The lines in the listing below are to be given again exactly, starting at the line holding "new 2026 Nissan Rogue car, priced at $33,350" and ending at the line holding "Freaziecomics". Do not include pictures.

THE DATA below:

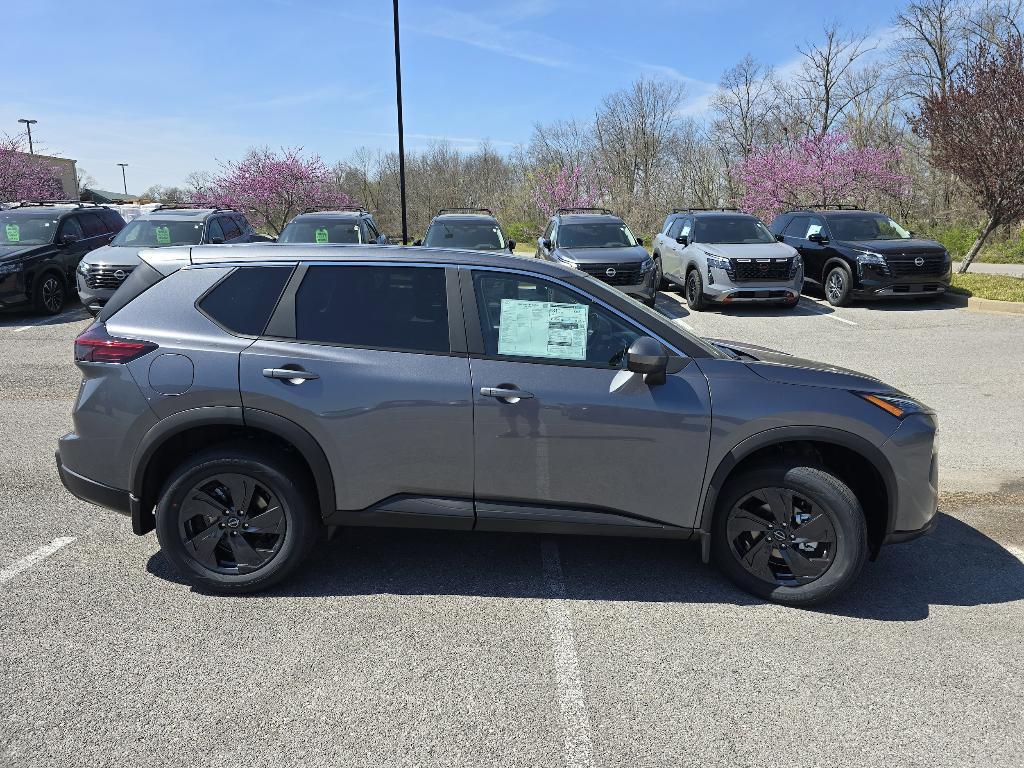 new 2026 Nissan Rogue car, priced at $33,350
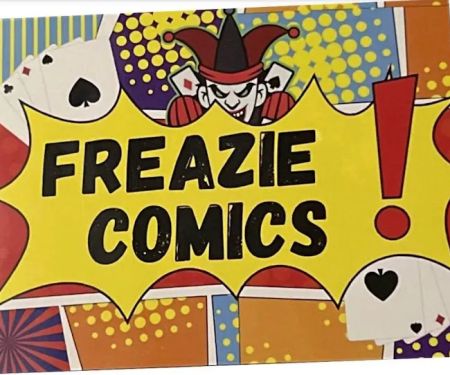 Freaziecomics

End of THE DATA.
THE DATA below:

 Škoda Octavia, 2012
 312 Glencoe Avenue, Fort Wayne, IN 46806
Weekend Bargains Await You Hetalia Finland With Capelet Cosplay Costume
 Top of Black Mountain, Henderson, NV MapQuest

End of THE DATA.
THE DATA below:

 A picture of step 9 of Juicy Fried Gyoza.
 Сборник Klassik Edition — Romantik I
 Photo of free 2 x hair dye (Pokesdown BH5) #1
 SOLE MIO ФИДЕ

End of THE DATA.

> [SOLUTION]:
 new 2026 Nissan Rogue car, priced at $33,350
 Freaziecomics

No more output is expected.